William Wyler’s The Heiress tells the quasi-tragic story of Catherine Sloper (Olivia de Havilland), a plain-jane, Gilded Age heiress, who’s naiveté leads her into a courtship, with fortune-hunter, Morris Townsend (Montgomery Clift). Seeing the truth behind Morris’s charm, Catherine’s father, Dr. Austin Sloper (Ralph Richardson), forbids the match. Catherine must then choose between the loyalty of her father and her love for Morris.
The Heiress focuses more on the relationships between its characters than it does on plot. First is the exploration of Catherine and Dr. Sloper. A lot of Catherine’s naive, nervous personality comes, as a result of Dr. Sloper’s upbringing. He constantly compares Catherine to her deceased mother (who died giving birth to her), outwardly stating that Catherine is a disappointment to him. Catherine’s inability to be the properly mannered, physically beautiful woman, expected of 1840s New York society strains this filial relationship. Whatever kindness Dr. Sloper shows Catherine is always tinged with the knowledge that she will never be perfect.
When Morris appears, he capitalizes on this knowledge. Morris challenges Catherine to make her own choices and builds her confidence. He treats her as a person and not as a pale comparison of her mother. Catherine’s unloved character falls for Morris’s charm and the way he makes her feel whole. There has been lots of discussion on whether or not Morris truly wants Catherine for money. Montgomery Clift supposedly plays Morris ‘ambiguously.’ The side of this argument that we find ourselves on depends on whether we are rooting for Catherine or understand her father’s objections.

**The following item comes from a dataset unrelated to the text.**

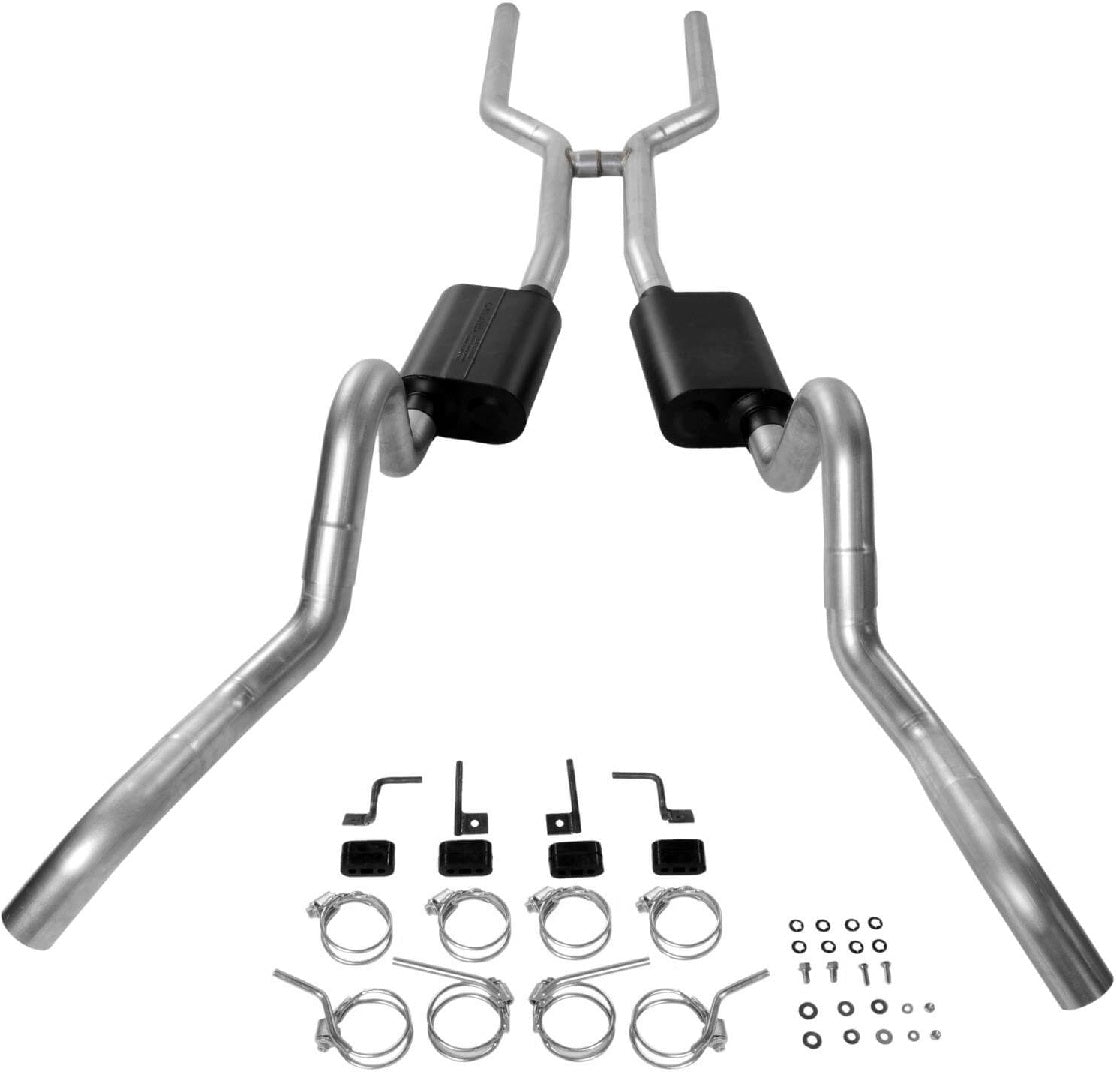 HEADER-BACK EXHAUST,64-67 A-BODY,V8,3,STAINLESS STEEL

The final scene of The Heiress should end this argument. Morris remains the same desperate man, after he returns to New York, several years later. Catherine, however, has evolved into a woman, who can tell the difference between lies and the truth. She is bitter, hardened by the wrongs done to her, much like her father was earlier in the film. This alters the relationship dynamic between her and Morris. Catherine no longer needs Morris to feel confident; she has agency.
The Heiress is a classical hollywood film that does not finish with a stereotypical, ‘happy ending.’ Ironically, that is the film’s strength. The Heiress does not force its characters into unbelievable situations. It allows them – particularly Catherine and Morris – to come full circle in their desires. Morris’s charm is later plagued by hardship and desperation, further suggesting the falseness of his affections. Catherine’s bitterness is tragic, but also what permits her embarrassing revenge on Morris. That act sets Catherine free.